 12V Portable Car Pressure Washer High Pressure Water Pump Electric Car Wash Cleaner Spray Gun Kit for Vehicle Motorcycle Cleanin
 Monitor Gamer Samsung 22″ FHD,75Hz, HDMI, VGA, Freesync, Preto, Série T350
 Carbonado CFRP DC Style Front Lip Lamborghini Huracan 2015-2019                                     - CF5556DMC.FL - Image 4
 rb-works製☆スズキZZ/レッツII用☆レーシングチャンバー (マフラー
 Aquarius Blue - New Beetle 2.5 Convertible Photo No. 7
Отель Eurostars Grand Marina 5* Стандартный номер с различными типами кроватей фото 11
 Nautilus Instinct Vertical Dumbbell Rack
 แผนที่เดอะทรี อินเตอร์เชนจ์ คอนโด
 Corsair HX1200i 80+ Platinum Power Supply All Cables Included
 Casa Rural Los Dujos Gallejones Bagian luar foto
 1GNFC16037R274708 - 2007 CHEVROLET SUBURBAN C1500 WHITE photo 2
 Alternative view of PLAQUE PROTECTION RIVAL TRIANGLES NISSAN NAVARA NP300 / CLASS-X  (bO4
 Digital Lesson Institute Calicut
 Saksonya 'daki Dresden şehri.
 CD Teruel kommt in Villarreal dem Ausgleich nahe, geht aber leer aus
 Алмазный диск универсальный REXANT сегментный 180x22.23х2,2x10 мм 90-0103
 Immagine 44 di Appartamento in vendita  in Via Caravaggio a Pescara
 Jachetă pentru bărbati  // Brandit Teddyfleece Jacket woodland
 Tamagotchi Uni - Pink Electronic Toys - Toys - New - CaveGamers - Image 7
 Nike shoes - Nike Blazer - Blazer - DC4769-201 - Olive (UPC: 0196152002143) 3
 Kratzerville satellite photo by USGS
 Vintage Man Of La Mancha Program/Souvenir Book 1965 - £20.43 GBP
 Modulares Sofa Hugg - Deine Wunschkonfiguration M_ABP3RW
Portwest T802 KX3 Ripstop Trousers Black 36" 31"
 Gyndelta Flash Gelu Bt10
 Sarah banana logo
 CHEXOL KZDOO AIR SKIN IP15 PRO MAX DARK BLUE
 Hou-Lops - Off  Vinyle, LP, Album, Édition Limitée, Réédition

+ + + +

Nothing before the line holding "CHEXOL KZDOO AIR SKIN IP15 PRO MAX DARK BLUE" belongs in the answer. Repeat that line and the rest of the listing exactly.

 CHEXOL KZDOO AIR SKIN IP15 PRO MAX DARK BLUE
 Hou-Lops - Off  Vinyle, LP, Album, Édition Limitée, Réédition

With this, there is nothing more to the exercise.